## YOUR OBJECTIVE
Only one stretch of the data is wanted: the line containing "reddish-brown blonde、green eyes、one", the line containing "Doğal Ahşap Çerçeveli", and every line between them, copied exactly.

*** RECORDS FOR THIS EXERCISE Section Begins ***

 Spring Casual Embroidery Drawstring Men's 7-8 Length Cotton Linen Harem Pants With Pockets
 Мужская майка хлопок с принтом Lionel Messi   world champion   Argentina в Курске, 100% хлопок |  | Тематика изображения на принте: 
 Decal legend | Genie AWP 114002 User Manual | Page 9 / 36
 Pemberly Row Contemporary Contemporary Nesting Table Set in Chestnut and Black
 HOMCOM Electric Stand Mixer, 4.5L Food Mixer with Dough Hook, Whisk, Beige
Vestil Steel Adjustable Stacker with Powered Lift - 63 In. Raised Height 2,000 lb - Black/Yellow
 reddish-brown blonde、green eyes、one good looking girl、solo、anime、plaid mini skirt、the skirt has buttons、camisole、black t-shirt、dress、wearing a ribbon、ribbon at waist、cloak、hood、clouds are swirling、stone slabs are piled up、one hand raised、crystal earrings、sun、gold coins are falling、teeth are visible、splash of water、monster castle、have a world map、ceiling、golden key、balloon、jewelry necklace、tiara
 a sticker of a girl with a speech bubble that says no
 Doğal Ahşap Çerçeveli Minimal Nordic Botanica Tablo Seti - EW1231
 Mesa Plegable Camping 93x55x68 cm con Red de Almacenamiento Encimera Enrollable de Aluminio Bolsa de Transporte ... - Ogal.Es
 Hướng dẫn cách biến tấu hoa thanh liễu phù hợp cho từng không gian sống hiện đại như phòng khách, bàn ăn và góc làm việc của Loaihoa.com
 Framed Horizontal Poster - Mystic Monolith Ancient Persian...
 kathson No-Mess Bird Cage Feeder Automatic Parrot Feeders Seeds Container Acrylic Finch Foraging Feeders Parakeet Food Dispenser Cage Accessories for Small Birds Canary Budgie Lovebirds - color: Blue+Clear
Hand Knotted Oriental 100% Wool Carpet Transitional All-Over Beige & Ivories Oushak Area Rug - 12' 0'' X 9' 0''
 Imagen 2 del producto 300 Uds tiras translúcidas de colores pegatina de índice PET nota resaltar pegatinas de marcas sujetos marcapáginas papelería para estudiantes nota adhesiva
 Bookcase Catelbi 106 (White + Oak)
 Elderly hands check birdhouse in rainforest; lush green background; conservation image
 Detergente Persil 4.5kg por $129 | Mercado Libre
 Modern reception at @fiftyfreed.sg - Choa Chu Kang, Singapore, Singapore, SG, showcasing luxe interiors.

*** RECORDS FOR THIS EXERCISE Section Ends ***

## ANSWER SPACE
 reddish-brown blonde、green eyes、one good looking girl、solo、anime、plaid mini skirt、the skirt has buttons、camisole、black t-shirt、dress、wearing a ribbon、ribbon at waist、cloak、hood、clouds are swirling、stone slabs are piled up、one hand raised、crystal earrings、sun、gold coins are falling、teeth are visible、splash of water、monster castle、have a world map、ceiling、golden key、balloon、jewelry necklace、tiara
 a sticker of a girl with a speech bubble that says no
 Doğal Ahşap Çerçeveli Minimal Nordic Botanica Tablo Seti - EW1231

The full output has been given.